Son zamanlarda biraz da yapacak bir şey bulamadığımdan arada bir film izliyorum. O ne ki benim hayatım film izlemekle geçiyor diyenleriniz olabilir ama bilgisayar ekranından bir şeyi sadece izlemek benim için yorucu olduğundan çok zor film izlerim normalde. O yüzden son dönemde kendi açımdan bayağı bir film izlediğimi söyleyebilirim. Normalde insanlar bunu karantina döneminde çok yoğun şekilde yaptı. Ben pek bulaşamadım o zaman bile. Anca şimdi bulaşabiliyorum. Belki de ikinci dalga için prova yapıyorum farkında olmadan. Hayır, şom ağızlı değilim. Sadece görünen köyü gösteriyorum.
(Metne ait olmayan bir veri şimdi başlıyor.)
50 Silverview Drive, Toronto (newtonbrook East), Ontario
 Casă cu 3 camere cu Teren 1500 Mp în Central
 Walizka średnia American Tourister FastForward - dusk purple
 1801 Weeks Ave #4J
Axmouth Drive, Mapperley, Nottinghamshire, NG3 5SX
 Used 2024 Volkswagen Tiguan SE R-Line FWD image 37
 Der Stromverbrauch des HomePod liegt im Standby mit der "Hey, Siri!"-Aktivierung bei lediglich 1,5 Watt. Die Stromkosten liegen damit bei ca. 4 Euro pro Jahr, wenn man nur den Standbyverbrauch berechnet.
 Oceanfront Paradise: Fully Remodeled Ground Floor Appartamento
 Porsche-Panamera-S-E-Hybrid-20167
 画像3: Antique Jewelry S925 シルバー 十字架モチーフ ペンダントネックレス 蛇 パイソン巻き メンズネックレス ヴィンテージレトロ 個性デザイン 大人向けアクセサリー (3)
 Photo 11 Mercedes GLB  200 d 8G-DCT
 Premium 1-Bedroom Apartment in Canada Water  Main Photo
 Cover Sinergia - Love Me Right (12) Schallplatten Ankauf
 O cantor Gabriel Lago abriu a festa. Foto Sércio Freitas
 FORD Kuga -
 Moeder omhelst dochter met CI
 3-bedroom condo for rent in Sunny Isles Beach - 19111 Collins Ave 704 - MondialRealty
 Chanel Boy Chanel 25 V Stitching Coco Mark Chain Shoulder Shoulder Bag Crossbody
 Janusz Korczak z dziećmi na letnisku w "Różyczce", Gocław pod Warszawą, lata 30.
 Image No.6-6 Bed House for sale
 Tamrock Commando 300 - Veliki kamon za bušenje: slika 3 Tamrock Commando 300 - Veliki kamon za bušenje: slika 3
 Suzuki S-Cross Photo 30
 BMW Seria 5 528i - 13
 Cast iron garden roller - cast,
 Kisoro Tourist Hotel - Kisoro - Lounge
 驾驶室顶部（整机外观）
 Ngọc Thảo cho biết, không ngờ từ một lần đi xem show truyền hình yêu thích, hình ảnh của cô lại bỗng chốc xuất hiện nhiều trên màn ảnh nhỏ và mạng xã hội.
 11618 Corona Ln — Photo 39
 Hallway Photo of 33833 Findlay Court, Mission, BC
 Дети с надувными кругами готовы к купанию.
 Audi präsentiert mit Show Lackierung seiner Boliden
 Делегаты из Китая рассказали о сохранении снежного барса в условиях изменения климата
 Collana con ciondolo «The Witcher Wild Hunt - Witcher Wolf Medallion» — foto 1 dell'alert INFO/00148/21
Yaklaşık 10 film izlemişim iki haftada. Aslında her biri film için yorum yapabilirim. Ama film cahili olduğumdan pek de doğru değil diye düşünüyorum. Başlıktan da anlaşılacağı üzere bir film var ki yorum yapmasam olmazdı. Bu film çok mu iyi? Hayır. Hikayesi olmasa çok da hatırlanacağını düşünmüyorum. Hatta bu yüzden izlememiş olsam da abartıldığını düşünürüm. Ama şu ana dek izlediklerim arasında üzerine en çok yorum yapabileceğim filmlerden biri (En çok diyemiyorum çünkü Aşk Filmlerinin Unutulmaz Yönetmeni üzerine de anlatılabilecek birçok şey var). Yılların ön yargısını kenara bırakmaya çalışarak izledim. Ondan dolayı günün konusu olacak. İlk defa izlediğim için biraz da bugün çıksaydı diye değerlendireceğim. Ondan dolayı 2020'den bir bakış diyorum.
Baştan söyleyeyim bol bol sürprizbozan (spoiler) olacak.
2008'de Issız Adam ilk çıktığında herkes hüngür hüngür anlayınca abartıldığını düşündüm 11 yaşımda olmama rağmen. Üzerine aşırı popüler olan işlerden uzak durma hastalığım da girince izlememekte ısrarcı oldum. Hatta Aşk Tesadüfleri Sever bu alanda daha çok dikkatimi çektiği için onu daha iyi bulurum (Bu yazıda ona da değineceğim). Ama ne hikmetse bir şans vermek istedim filme ve geçenlerde YouTube'da Fransızca altyazı ile izledim (filmin kendi yapımcısı koymuş ama niye sadece Fransızca bilemedim). Hala abartılı olduğunu düşünüyorum ama filmin bazı konularda beklediğimden daha farklı bir şekilde ilerlediğini söylemem gerekli.
Filmin konusunu anlatmama gerek yok belki ama kısaca değinelim. Romantik ilişkilerde sıkıntılı bir adamın (Alper - Cemal Hünal) hayatına birinin girmesi ve bunun devamında gelişen süreçler olarak tanımlanabilir. Film bu konuda sorunlu biri olmasını başta biraz "sert" bir şekilde anlatıyor. Bir an nereye düştüm ben diye sorgulamadım değil.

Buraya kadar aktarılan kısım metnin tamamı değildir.